É preciso uma política que reconduza a renúncia previdenciária de forma correta, não como é hoje, pois quem paga é o trabalhador
Modelo de filantropia
Gabas questiona ainda o modelo de filantropia, onde vários ministros decidem a quem dar renúncia, mas nenhum ministério assume o custo, repassam tudo para o INSS.
Ele explica que quem decide quais os hospitais que são filantrópicos é o Ministério da Saúde. Já no caso das universidades, quem decide é o Ministério da Educação, das empresas agrícolas, o Ministério da Agricultura.

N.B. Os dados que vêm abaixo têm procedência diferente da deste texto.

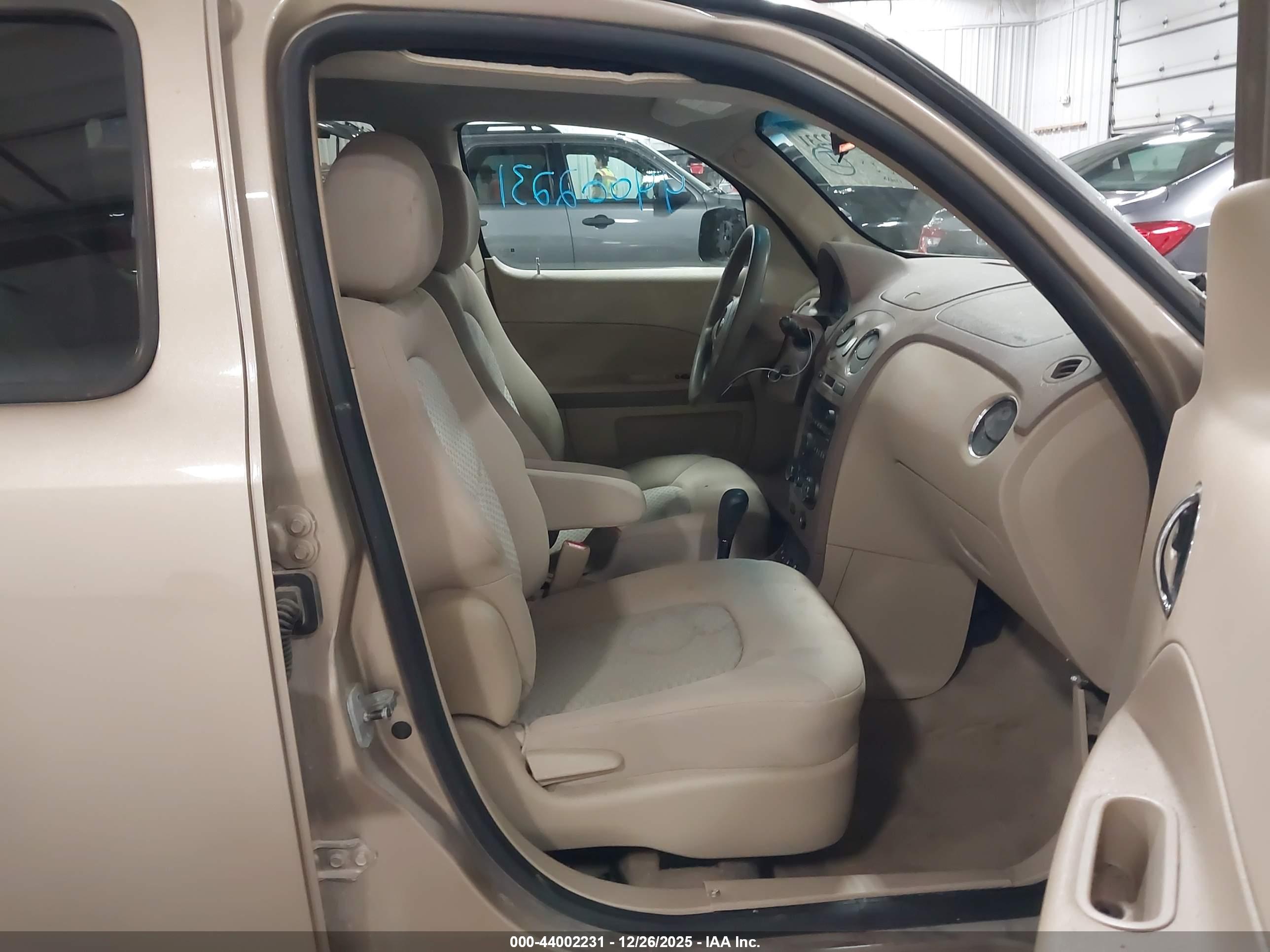 CHEVROLET HHR image 5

“Ora, o Ministério da Saúde que coloque em seu orçamento o desconto que vai ter o hospital; o da Educação, as escolas e o da Agricultura, as empresas agrícolas. Não tem de colocar na conta da Previdência”, defende Gabas.
Quanto ao Simples Nacional, o ex-ministro reconhece sua importância para a economia, mas diz que é preciso que cada segmento seja responsável por sua renúncia fiscal e que os critérios sejam mais rigorosos ao se aprovar a renúncia de cada tipo de empresa.
“Se o pequeno produtor rural tem de pagar 2,1% de imposto de renda porque o latifundiário, grande exportador, tem de ser isento, não pode pagar nada de tributo como é o caso das máquinas agrícolas? Não tem sentido”, questiona.
“Precisamos discutir essas questões antes de mexer na Previdência”, diz Gabas.
Segundo ele, a Previdência tem desafios a ser enfrentados como o envelhecimento da população, mas é possível enfrentar isso sem desmontar o modelo atual de proteção previdenciário.